KIGALI - THE High Court yesterday handed Deogratias Mushayidi a life sentence after finding him guilty of causing state insecurity, inciting the population to hate the government and using forged documents.

Saturday, September 18, 2010
SENTENCED TO LIFE; Deo Mushayidi (R) appearing before court recently (File photo)

KIGALI - THE High Court yesterday handed Deogratias Mushayidi a life sentence after finding him guilty of causing state insecurity, inciting the population to hate the government and using forged documents.

Court ruled that the prosecution had presented enough evidence. Mushayidi, 50, was also ordered to pay Rwf 73,150. Prosecution had asked court last month to serve Mushayidi with three separate sentences, including two life sentences and 50 years in prison.
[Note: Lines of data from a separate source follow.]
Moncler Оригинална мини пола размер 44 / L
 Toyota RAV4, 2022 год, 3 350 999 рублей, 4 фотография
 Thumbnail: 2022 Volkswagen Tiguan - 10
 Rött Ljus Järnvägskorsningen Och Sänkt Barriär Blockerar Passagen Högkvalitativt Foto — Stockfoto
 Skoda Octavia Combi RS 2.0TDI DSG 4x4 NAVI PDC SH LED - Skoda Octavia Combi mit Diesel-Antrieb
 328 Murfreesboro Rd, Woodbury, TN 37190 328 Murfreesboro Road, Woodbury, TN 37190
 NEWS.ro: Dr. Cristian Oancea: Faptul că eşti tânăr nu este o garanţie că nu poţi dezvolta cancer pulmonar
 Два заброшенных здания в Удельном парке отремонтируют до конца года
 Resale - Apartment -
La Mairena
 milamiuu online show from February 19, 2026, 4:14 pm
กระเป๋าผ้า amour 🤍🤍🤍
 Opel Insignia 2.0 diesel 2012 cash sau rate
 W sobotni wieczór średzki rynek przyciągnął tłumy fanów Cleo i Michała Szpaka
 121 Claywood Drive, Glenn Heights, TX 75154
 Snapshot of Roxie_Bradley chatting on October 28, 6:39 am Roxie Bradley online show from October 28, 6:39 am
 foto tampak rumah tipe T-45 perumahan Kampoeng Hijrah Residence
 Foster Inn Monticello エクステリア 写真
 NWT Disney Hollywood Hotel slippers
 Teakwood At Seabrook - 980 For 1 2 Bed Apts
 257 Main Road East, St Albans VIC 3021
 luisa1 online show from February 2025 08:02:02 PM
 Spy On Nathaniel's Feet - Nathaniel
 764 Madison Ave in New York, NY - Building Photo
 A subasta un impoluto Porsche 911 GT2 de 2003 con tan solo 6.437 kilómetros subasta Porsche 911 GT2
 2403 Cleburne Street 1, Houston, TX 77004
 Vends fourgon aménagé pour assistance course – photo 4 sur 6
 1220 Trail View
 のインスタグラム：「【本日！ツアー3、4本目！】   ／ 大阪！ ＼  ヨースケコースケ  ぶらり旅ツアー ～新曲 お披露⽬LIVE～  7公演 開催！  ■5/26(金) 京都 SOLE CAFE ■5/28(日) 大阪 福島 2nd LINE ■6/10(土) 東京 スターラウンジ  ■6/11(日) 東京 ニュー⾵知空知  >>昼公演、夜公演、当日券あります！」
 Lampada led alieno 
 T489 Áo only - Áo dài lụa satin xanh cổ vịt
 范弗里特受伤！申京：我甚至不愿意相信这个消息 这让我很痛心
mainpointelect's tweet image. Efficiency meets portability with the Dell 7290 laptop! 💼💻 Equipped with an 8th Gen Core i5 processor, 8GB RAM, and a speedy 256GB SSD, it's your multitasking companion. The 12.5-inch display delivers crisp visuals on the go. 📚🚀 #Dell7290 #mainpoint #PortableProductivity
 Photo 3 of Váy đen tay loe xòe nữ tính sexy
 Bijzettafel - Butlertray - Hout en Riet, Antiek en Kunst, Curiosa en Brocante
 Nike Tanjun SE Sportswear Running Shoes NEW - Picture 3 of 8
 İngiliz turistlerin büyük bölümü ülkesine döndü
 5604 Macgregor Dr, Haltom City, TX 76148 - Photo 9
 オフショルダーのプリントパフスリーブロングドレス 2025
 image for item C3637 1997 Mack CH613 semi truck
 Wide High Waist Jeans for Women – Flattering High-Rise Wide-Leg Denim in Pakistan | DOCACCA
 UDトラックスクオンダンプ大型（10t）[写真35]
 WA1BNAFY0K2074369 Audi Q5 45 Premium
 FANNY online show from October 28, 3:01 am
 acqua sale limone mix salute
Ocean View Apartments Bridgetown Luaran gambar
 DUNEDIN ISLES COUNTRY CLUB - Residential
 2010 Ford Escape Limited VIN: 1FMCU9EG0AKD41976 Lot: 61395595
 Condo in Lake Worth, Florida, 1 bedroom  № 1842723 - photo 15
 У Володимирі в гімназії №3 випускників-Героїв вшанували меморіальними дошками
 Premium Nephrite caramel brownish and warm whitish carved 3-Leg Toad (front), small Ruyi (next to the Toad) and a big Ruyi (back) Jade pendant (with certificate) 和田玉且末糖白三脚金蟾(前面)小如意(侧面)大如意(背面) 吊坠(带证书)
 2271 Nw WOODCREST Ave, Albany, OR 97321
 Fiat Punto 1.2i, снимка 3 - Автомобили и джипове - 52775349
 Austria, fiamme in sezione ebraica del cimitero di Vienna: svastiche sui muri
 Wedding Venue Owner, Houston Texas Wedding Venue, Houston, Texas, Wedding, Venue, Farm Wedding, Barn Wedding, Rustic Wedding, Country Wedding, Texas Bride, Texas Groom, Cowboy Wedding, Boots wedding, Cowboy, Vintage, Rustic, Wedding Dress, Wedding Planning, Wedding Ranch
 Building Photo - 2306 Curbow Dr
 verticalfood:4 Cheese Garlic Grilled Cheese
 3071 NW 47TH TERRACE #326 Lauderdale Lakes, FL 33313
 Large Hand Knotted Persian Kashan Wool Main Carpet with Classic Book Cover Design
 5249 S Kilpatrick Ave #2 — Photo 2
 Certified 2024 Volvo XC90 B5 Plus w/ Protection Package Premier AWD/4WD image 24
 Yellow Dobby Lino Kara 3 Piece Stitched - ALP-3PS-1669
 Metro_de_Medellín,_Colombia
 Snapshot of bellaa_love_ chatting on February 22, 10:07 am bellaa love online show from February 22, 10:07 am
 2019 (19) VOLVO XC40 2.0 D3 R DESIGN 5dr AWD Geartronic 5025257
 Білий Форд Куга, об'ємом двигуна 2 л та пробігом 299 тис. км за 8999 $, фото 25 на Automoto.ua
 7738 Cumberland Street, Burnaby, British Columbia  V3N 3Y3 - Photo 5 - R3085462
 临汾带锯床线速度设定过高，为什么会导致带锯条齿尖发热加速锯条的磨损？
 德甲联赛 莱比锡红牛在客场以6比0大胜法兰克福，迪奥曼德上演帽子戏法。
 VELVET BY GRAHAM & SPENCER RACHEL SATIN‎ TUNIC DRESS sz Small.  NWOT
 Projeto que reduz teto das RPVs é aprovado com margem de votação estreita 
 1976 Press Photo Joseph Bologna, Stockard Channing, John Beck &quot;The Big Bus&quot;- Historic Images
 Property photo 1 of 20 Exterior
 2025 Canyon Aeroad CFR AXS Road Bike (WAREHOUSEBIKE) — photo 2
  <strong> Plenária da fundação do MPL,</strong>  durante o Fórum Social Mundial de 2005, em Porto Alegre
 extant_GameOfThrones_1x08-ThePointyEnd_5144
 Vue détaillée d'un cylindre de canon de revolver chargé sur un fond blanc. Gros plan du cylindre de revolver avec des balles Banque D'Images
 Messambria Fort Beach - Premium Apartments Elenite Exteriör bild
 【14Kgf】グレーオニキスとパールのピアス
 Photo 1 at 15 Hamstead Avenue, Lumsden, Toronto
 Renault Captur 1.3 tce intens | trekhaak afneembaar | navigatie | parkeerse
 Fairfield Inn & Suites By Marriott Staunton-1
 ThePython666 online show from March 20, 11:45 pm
The prosecution, however, failed to prove that Mushayidi worked with the DR Congo-based Democratic Forces for the Liberation of Rwanda (FDLR) militia. He was also cleared of promoting Genocide revisionism, genocide ideology and divisionism.

The FDLR is a blacklisted terrorist group largely made up of remnants of the ex-FAR and Interahamwe militia responsible for the 1994 Genocide against the Tutsi in Rwanda.
One of Mushayidi’s defence lawyers, Christopher Twagirayezu, contested the ruling and said his client would appeal.

"I am happy that some charges have been dropped but we have to go to Supreme Court to challenge the verdict,” Twagirayezu said. 

The Prosecution, represented by Bonaventure Ruberwa had, during the trial, tabled several documents that implicated Mushayidi in creating an armed group to violently overthrow the government.

His former colleague, Samuel Nsengiyumva who lived with him in Karagwe, Tanzania, also testified during the trial that the accused had worked closely with armed groups that were preparing to attack Rwanda.

Mushayidi had himself admitted to using false documents, saying that he was carrying a Burundian passport because he never wanted to be detected.

Mushayidi was arrested in Burundi and subsequently extradited to Rwanda on March 5, 2010. Before his arrest, he is said to have crisscrossed the region for months in a bid to set up a network for his armed group, PDP-Imanzi.